When you buy a house, there are various ways that you can go about it. You can buy a new place, fully appointed for you to move in and ready to go. This option will cost a little more, no doubt, but means you have a house that you can live in from the get-go. The other option is that you buy a fixer-upper. A lot of people take this second option, and then get to making it like new. This is far from easy, but can save a lot of money.
The main things that a fixer-upper has over a new, fully appointed house can be narrowed down to two aspects. First, you can get it at a steal - a motivated seller wants to get rid of the property and chooses to realize a sale. Secondly, because you are doing the work, you have full control over the project and can decide what you do with it. Do you do the bare minimum and just make it "nice"? Or do you go for it and create something amazing?
You're About To Learn What You Can Do
When you buy a house at the bottom of its potential, what you do to it can theoretically only make it better. Of course, as anyone who has tried to do running repairs will know, that's not 100% the case. You will need to put some hard work in and learn the ropes as you go.
Buying a fixer-upper provides you with a challenge. Do you know how to fix broken floorboards? Can you bring an unsafe stair case up to code? What do you know about electrical wiring and gas plumbing? You're about to find out. Incidentally, for those latter points, this is not something you can learn as you go. If you don't know much about wiring, don't try to do it. Playing with this can be fatal.

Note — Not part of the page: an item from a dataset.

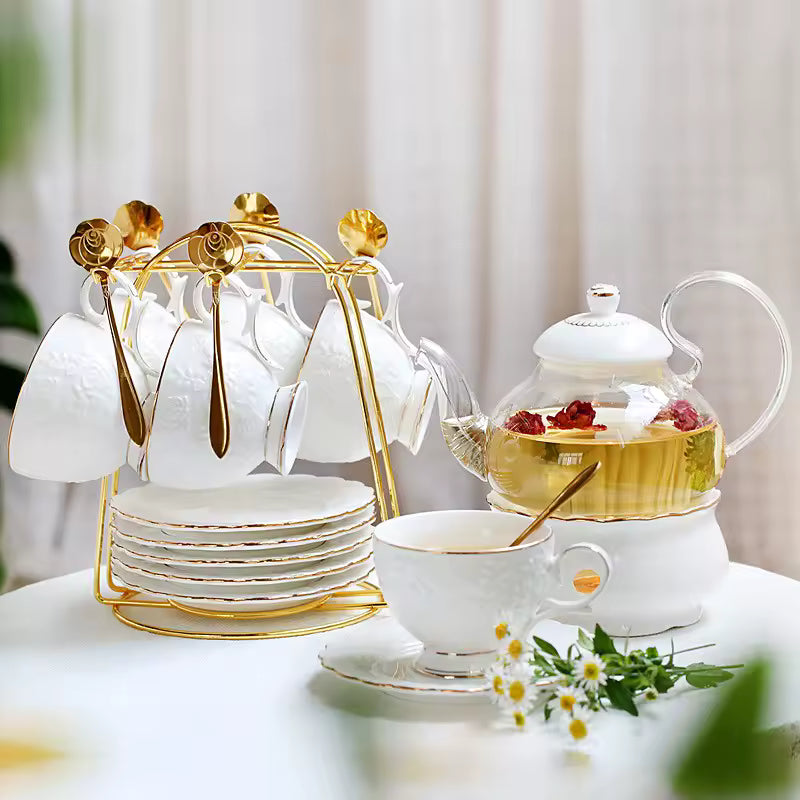 Vintage Ceramic Tea Cup Set With Teapot Gold Porcelain Luxury 13pcs Rim White Customized Logo Europe 6 Set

For the rest of it - restoration and redecoration - you can make a big difference just by cleaning up and making things better. Walls may have holes that need filling. Flooring may have become damaged to the point where it needs totally replaced. If that is the case, it's up to you to decide how that is done based on price, convenience and quality.
You Need To Start With A Vision
Actually, that may not be 100% true. You need to start with a look at the house you have bought. It may be just the guts of what it once was, but it's what you have to work within. Imagine it as a scene from a fantasy film. You can see what it looks like now, you have to have a vision for what it will end up looking like. Your imagination may need to do some heavy lifting here, but it will be worth it.
However many rooms you have to work with, you need to come up with convincing looks for them and ways to realize those looks. The home also needs to be functional. But here, at least, you can make a decision that really makes a difference.
The fact that the house has fallen into some disrepair implies that there will be some changes that need to be made before anyone can move in. So you can be in control of those changes - for example, why not install a wood or pellet burning stove? This is an energy efficient, and highly appealing, way to make your home warm in winter. It will also attract buyers in future.
In the spirit of making the old look and work like new, why not reclaim an existing stove and bring it back to life? It's easy to find wood or pellet stove parts and fit them to bring an old model back into working order. You may need the assistance of an engineer to then fit the stove. You can, however, be confident that it will give the fixer-upper a real sense of antique glamor.
Developing a vision for a house that is in need of some TLC gives you the chance to have the house you always wanted. More importantly, it means you can have it at a fraction of the price you might have been paying. Knowing where to look for the right equipment is essential, but once you have made your choices, you'll find you pick it up quickly. There are people who do this for a living - so that's something to bear in mind if you find you're good at it.